Tuesday, September 03, 2013 9:39 PM
Catherine Taylor a teacher you don't forget
By Lisa Boykin Batts | Times Life Editor
I was a junior the year Hunt High School opened. It was a unique year of firsts with an inaugural football team, a new building still under construction and lots of new people to meet.
Along with many of my friends, I decided to take journalism that first year — 1978 — and ended up in Catherine Taylor’s class. When we’re young, we never consider how a simple decision can change our lives. But my decision to take that class instead of yearbook or another elective shaped my future. So did Cat Taylor.
Mrs. Taylor was a tiny dynamo. She could be calm and she could be feisty, sometimes in the same sentence. She could control a roomful of rowdy high school students with her evil-eye stare. And, oh, how we hated to get her mad. But at the same time, there were many in our group who lived to make her mad by doing things as simple as coming into class late, or sitting on a desk, or leaving the classroom in a mess.
When I read her obituary Tuesday morning, I closed my eyes and remembered her tiny self, arms crossed and leading a discussion in a very small workroom where we first met at Hunt.

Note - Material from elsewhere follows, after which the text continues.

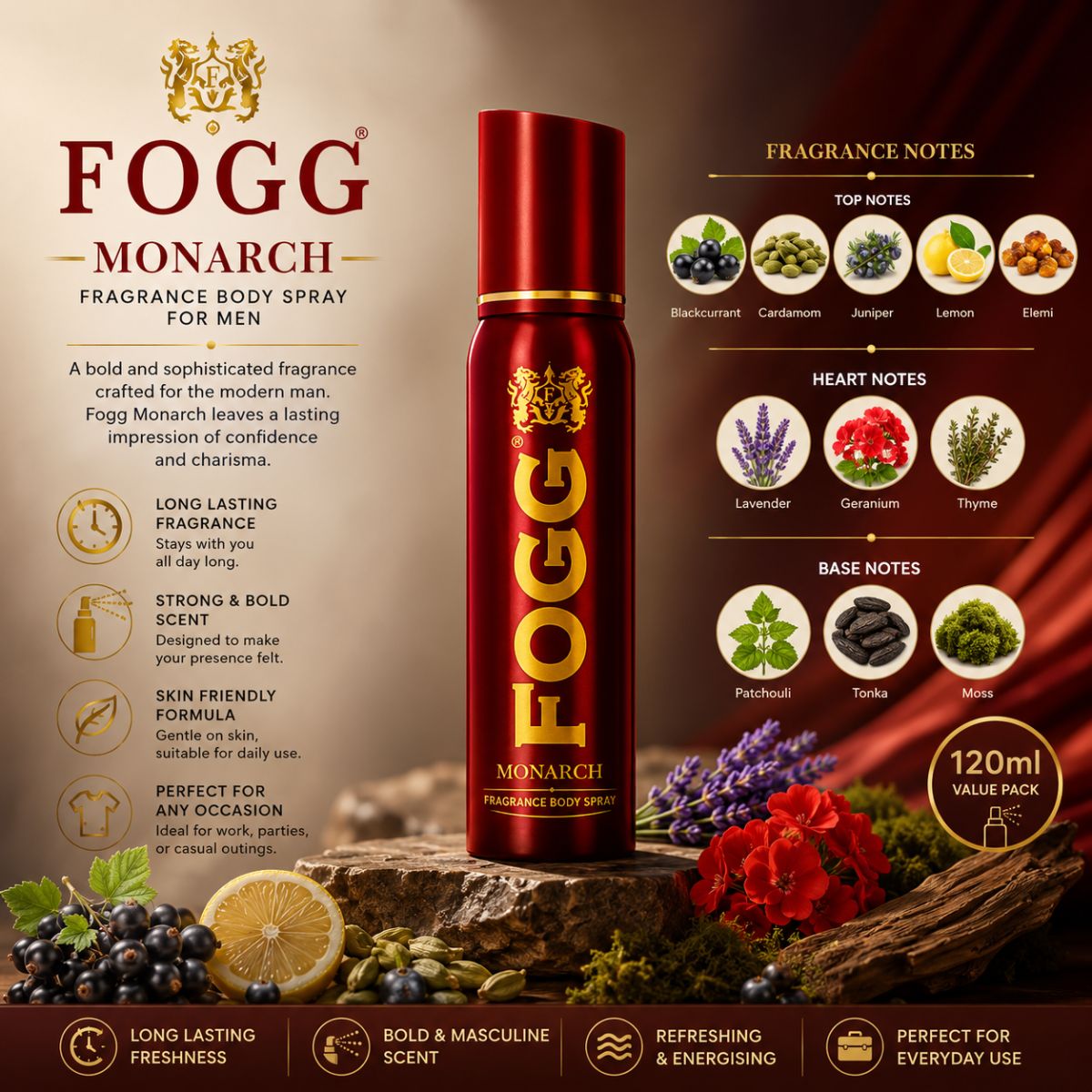Fogg Monarch Fragrance Body Spray 120ml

We, her journalism students, were deciding what to name Hunt’s student newspaper.
She led our discussions and our decision as we chose the name The Oracle, reflecting the time frame of our warrior mascot, and work got started on naming editors and writing stories and basically starting from scratch.

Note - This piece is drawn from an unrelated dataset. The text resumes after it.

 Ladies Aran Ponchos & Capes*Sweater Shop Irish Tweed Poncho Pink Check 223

Some of the happiest years of my schooling were spent in my high school journalism classes those two years. I loved Mrs. Taylor, and I loved writing stories and seeing the newspaper come together. I also really loved the freedom of going out during class time and selling ads!
Although at the time I didn’t see it, Mrs. Taylor, who called me Li’l Lisa, challenged us on so many levels and helped me grow and mature as an adult as well as a writer. She gave me story ideas and writing lessons, sure, but she also taught me to be firm and to go after what I wanted, especially when it came to the quality of the newspaper.

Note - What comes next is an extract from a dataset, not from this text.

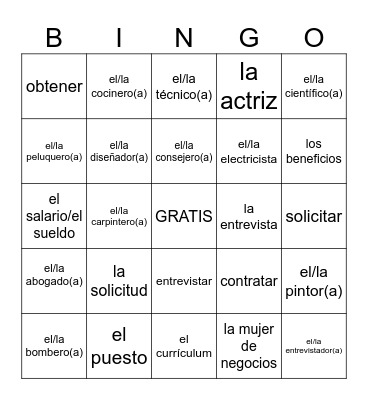 Senderos Lección 4 #1-37 Bingo Card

She also encouraged me to challenge our principal, John W. Jones, when I wanted something for the newspaper. I remember one particular encounter in his office when I went to him for more funding. I was scared going in, and I argued a little more than I had planned, but I stated my case, just as Mrs. Taylor had coached me to do, and I won.
Mrs. Taylor also taught us how to be sneaky, circumventing school rules and selling candy on the side so we could buy things we needed for the paper, such as layout paper and lining tape for ads or extra pages in the next edition. Those were the old days, remember, before digital newspaper layout.
I was humbled and shocked when Mrs. Taylor named me editor-in-chief for my senior year. I worked hard and continued to learn, and when I got to Atlantic Christian College, it served me well; I was editor there for awhile, too.
I left ACC’s newspaper at graduation and came to work at The Wilson Times. I still saw Mrs. Taylor from time to time. She’d have business at the newspaper — often with her beloved sorority, Delta Sigma Theta, her church or during her 16 years on the Wilson County Board of Education — and would stop in my office. I’d hear her coming down the hall saying, "Li’l Lisa!” (even though I wasn’t so little anymore!) and I’d know it was her. I was always so glad to see her.
A few years ago, my daughter was doing a photography project and took photos of Mrs. Taylor and her sweet husband, Roderick, having dinner in their home. It was the first and only time I visited her immaculate home, and on this particular visit I got to sample her delicious fried chicken and get a peek into her personal life. That was one of the last times I talked to her. I am so thankful for that short but sweet visit.
It’s amazing to me how a stranger can come into your life when you’re just a teenager and how her influence can stay with you for the rest of your life.
Thank you, Mrs. Taylor, for being my teacher and for believing in me.